One of the peculiarities of Hervé Léger garments is that they are knitted, not woven.[30]
In September 1998, Hervé Léger was acquired by the BCBG Max Azria Group from the Seagram's Group. This was the first-ever acquisition of a French couturier by an American designer, though Azria is Tunisian[31] and grew up in France. Ohana & Co., a boutique investment bank, advised Seagram's on the sale.
In April 2007, Max Azria relaunched the Hervé Léger brand under his own design direction with a capsule summer collection, which was offered at select department stores and specialty boutiques. In August 2007, the remodeled Hervé Léger boutique opened on Rodeo Drive in Beverly Hills. In February 2008, Max Azria presented the Hervé Léger by Max Azria collection at Bryant Park during the Fall 2008 New York Fashion Week.

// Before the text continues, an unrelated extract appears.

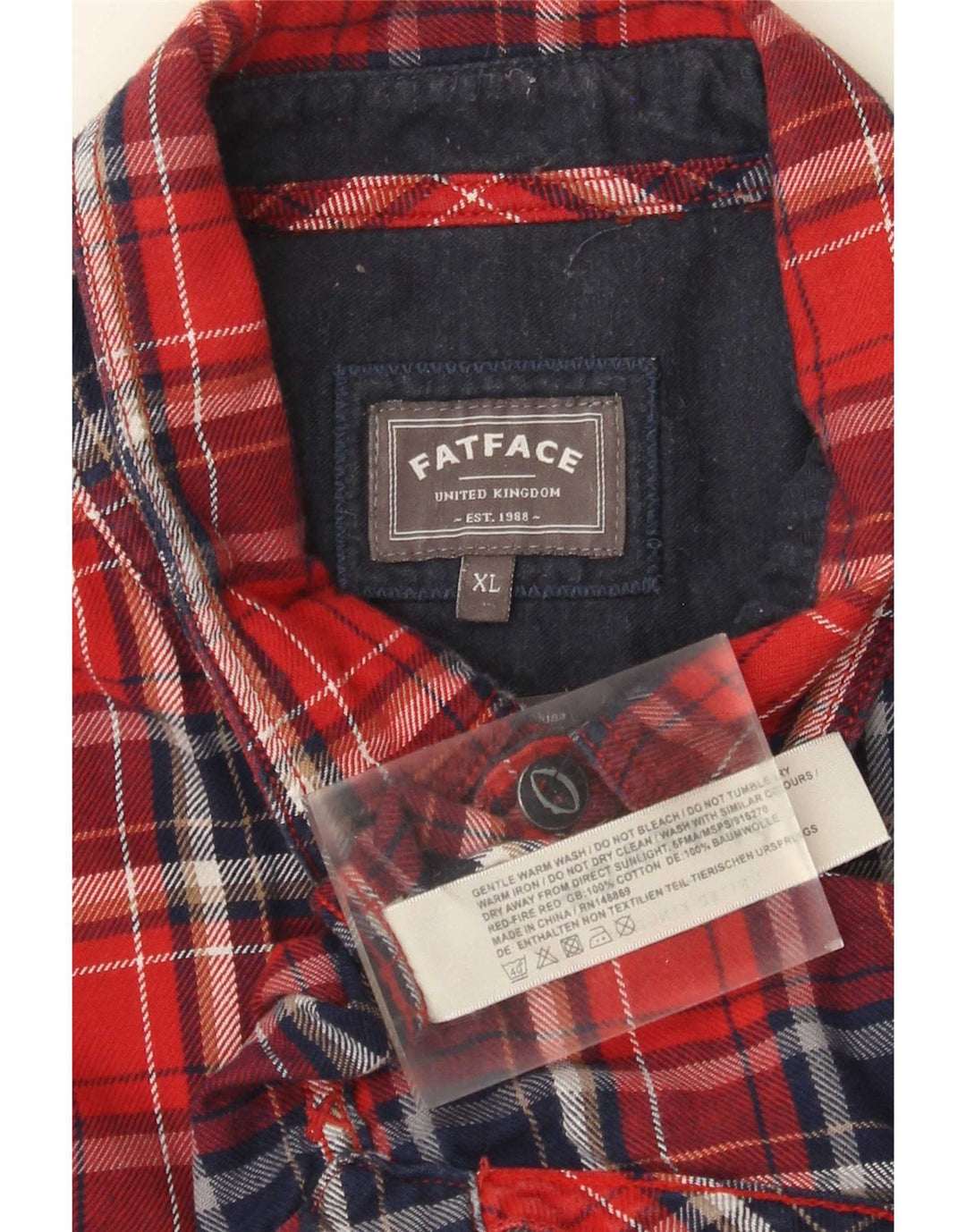 Fat Face Herren-Flanellhemd XL, rot kariert, Baumwolle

In August 2017, Marquee Brands acquired the entire brand portfolio of BGBG Max Azria Global Holdings, including Hervé Léger, following the bankruptcy of BCBG Max Azria.[32] In October 2017, Marquee Brands sold Hervé Léger to Authentic Brands Group.[33]
Dutch designer Christian Juul Nielsen, who previously worked at Christian Dior Couture and Nina Ricci, was appointed creative director in August 2018.[34] His focus was on modernizing and expanding the brand image beyond the bandage dress into daywear and lifestyle categories.
In 2023 the brand appointed Michelle Ochs, cofounder of Cushnie et Ochs, as the creative director.[1]